• [TASK REQUIREMENTS]: Give every line of the listing word for word, beginning at the first and including the line with "Coach Phil Ziglar" as the last.

• [RAW DATA]:

________________________

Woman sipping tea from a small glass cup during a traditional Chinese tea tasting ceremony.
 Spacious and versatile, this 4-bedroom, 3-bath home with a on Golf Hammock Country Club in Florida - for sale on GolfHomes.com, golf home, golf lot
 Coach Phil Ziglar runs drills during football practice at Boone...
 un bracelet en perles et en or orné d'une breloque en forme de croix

________________________

• [ANSWER FOR THIS EXERCISE]:
Woman sipping tea from a small glass cup during a traditional Chinese tea tasting ceremony.
 Spacious and versatile, this 4-bedroom, 3-bath home with a on Golf Hammock Country Club in Florida - for sale on GolfHomes.com, golf home, golf lot
 Coach Phil Ziglar runs drills during football practice at Boone...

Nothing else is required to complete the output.